PROBLEM STATEMENT
Without any of their pictures, return all of the records exactly.

---*---

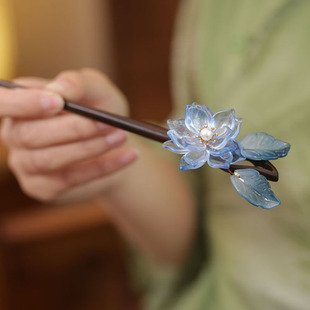 配旗袍的发簪女2025新款蓝色琉璃花朵发钗盘发簪子檀木古风发饰品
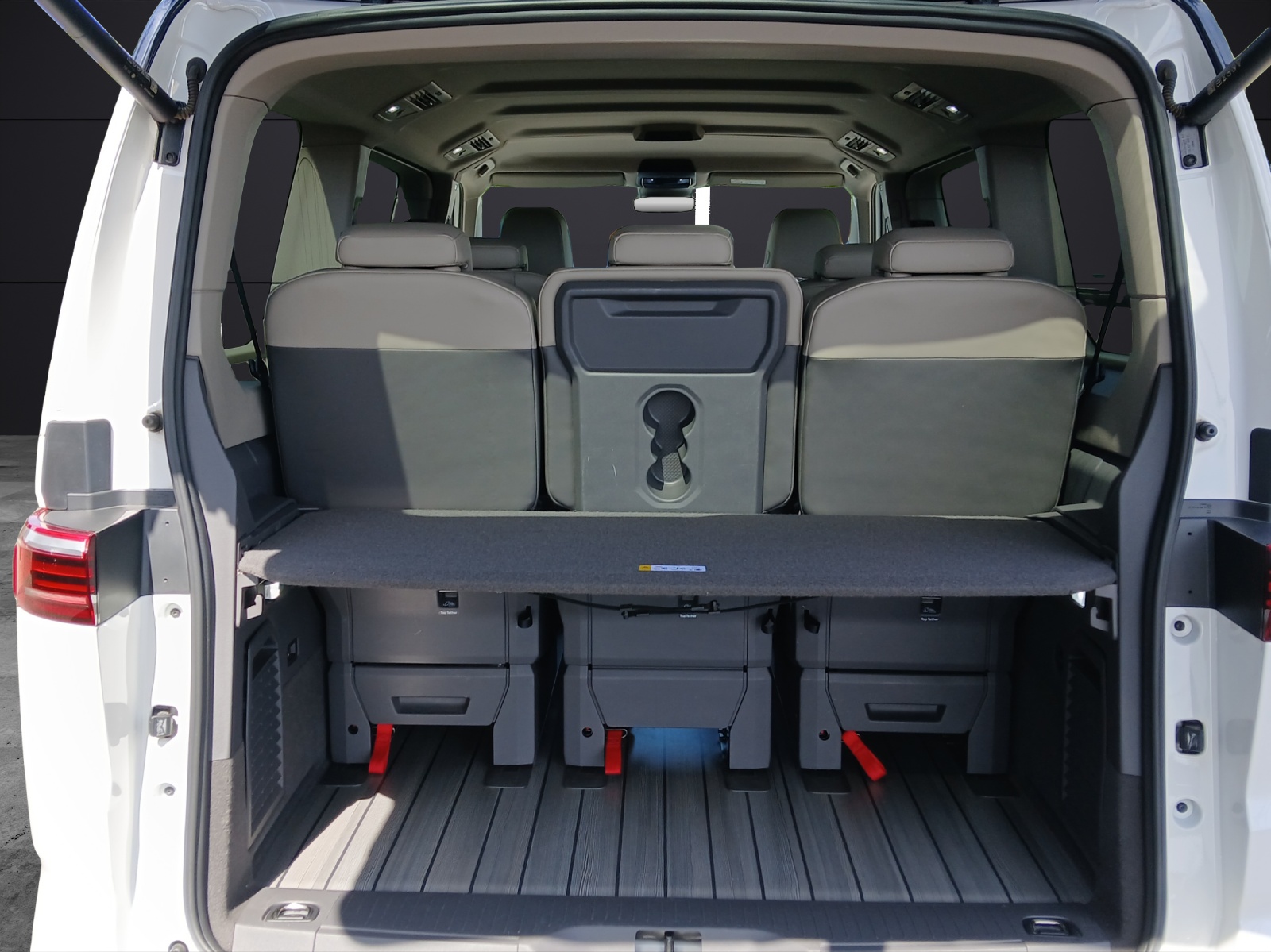 Fahrzeugabbildung Volkswagen T7 Multivan TDI Edition DSG lang Matrix AHK CarPlay AID RFK Harmann SH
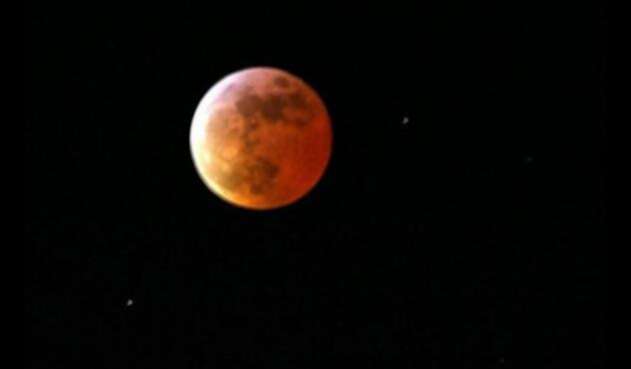 Luna de fuego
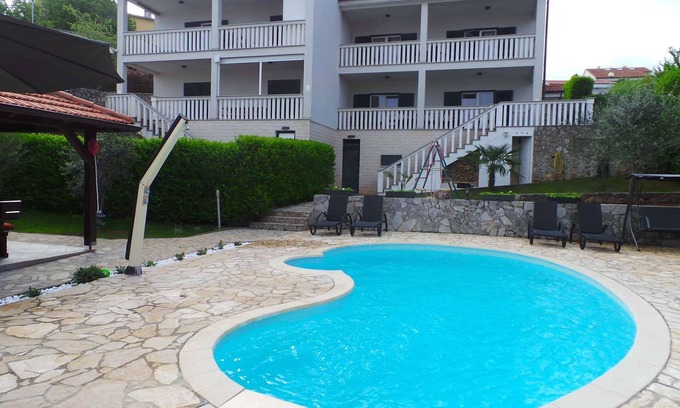 Milcetici House | Holiday home With pool 100 m from the beach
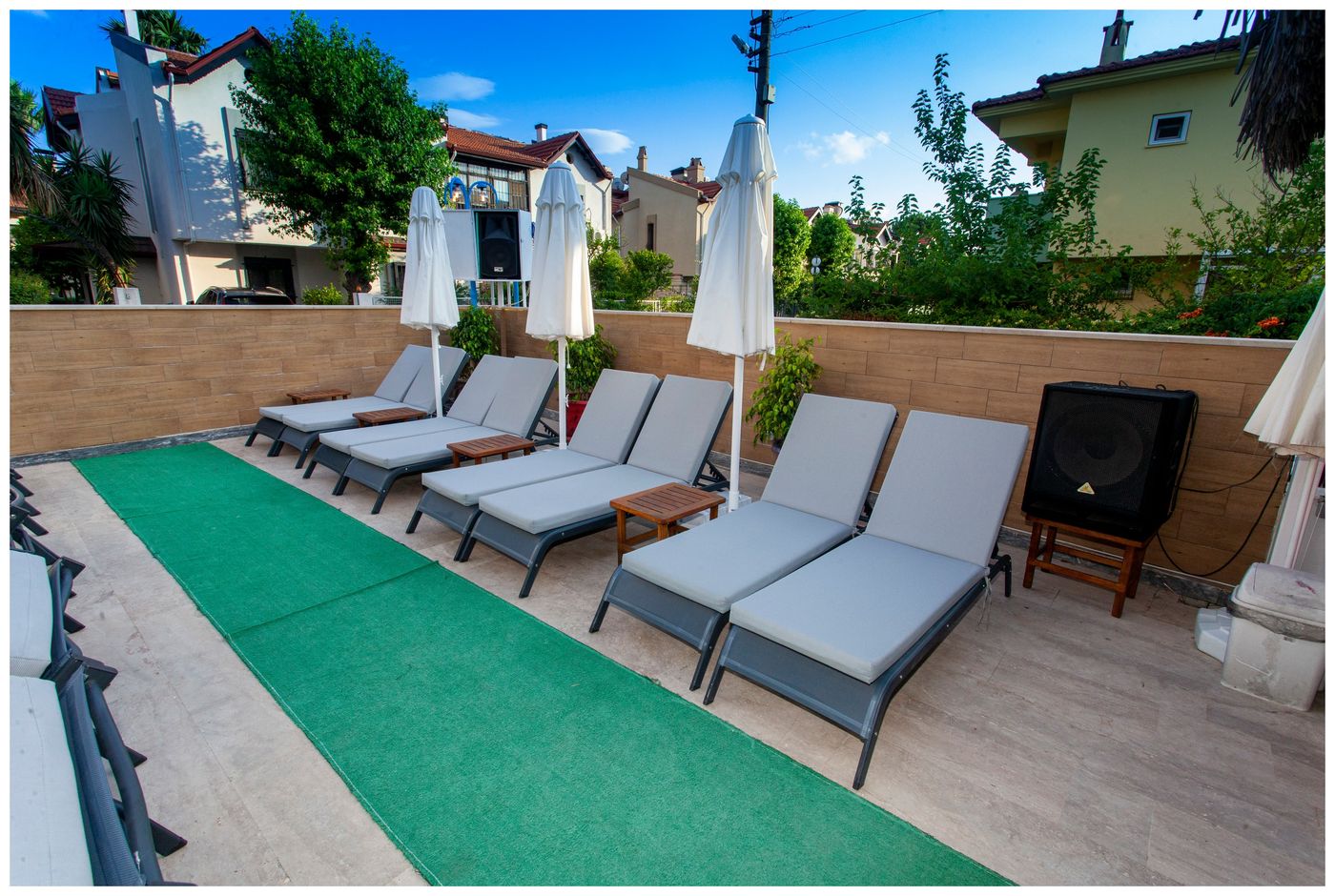 Club-Ako-Apart-Pool-4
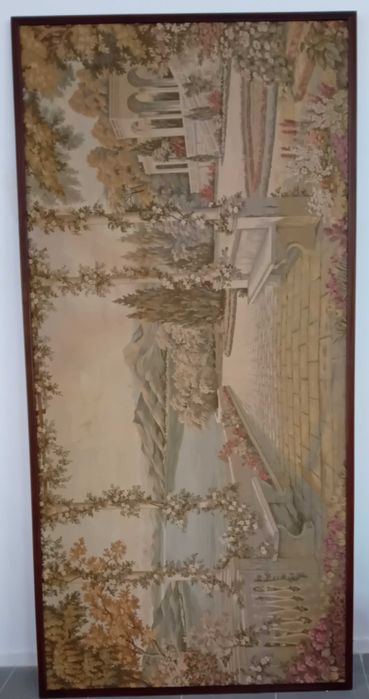 Tapeçaria em seda antiga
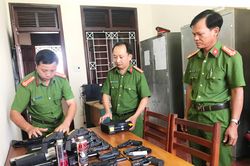 Tàng trữ trái phép vũ khí thể thao, một người bị phạt 30 triệu đồng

---*---

WRITTEN ANSWER
 配旗袍的发簪女2025新款蓝色琉璃花朵发钗盘发簪子檀木古风发饰品
 Fahrzeugabbildung Volkswagen T7 Multivan TDI Edition DSG lang Matrix AHK CarPlay AID RFK Harmann SH
 Luna de fuego
 Milcetici House | Holiday home With pool 100 m from the beach
 Club-Ako-Apart-Pool-4
 Tapeçaria em seda antiga
 Tàng trữ trái phép vũ khí thể thao, một người bị phạt 30 triệu đồng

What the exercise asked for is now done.